## Work to be completed
Tally the lines in the data below where the word "Cotton" appears, and give the tally alone.

## Extracted records
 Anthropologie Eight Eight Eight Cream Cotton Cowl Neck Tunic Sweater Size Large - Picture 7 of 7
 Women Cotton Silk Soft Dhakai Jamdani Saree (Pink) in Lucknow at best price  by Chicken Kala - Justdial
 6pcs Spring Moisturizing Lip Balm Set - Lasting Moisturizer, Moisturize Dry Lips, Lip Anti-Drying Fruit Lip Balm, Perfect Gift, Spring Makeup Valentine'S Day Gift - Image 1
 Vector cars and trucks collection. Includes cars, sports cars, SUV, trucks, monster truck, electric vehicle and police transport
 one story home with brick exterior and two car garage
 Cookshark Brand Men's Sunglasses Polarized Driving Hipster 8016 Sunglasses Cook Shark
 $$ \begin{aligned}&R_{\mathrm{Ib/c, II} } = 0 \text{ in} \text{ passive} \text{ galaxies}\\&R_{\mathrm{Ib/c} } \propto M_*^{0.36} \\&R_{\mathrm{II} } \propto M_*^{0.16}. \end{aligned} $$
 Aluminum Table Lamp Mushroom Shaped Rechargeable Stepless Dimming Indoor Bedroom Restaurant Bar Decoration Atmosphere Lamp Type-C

## Your solution
2